So who are the victors and casualties in this messy business?
The anti-hunt groups will no doubt claim victory, but they have shown an inability to properly address the concerns and problems thrown up by the flawed legislation they campaigned to place on the statute book. They have certainly lost credibility with regard to their changeable views on the original flushing exemption and their previous support for the Scottish ban – a law which they originally claimed had, “no gaping loopholes or flaws”.
The leadership of the Labour Party has shown itself to be easily influenced by such groups and appears willing to deceive the public for no other reason than to score a few political points. They still haven’t learned that the issue of hunting, while it might get a few back-benchers excited, hardly registers on the radar as something affecting – and thereby influencing – most people when it comes to voting.
The proposal to amend the Hunting Act remains a live issue, with the Government saying that the suggestion will be subject to a consultation.
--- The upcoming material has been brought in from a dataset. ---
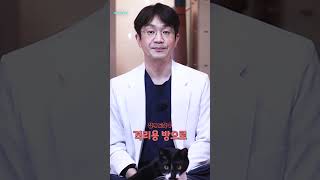 고양이 처음 데려올때 요령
At the very least, this would provide an opportunity for the merits of the FWFP’s case to be properly scrutinised and, just as importantly, the validity of the arguments against such a move.
The Hunting Act remains, but the coalition Government has stated that the agreement to hold a vote on repeal of the Hunting Act still stands. What effect this affair will have on the various political parties is anyone’s guess, but one can only hope that when the time comes to address the hunting issue once more – and that time will come – science and common sense will override prejudice and political point scoring.
If there is anything good that can be salvaged from this sorry episode, it is that despite all the pressures, some MPs and Peers from all parties were prepared to put aside their political differences and tried to do the right thing for farming and animal welfare.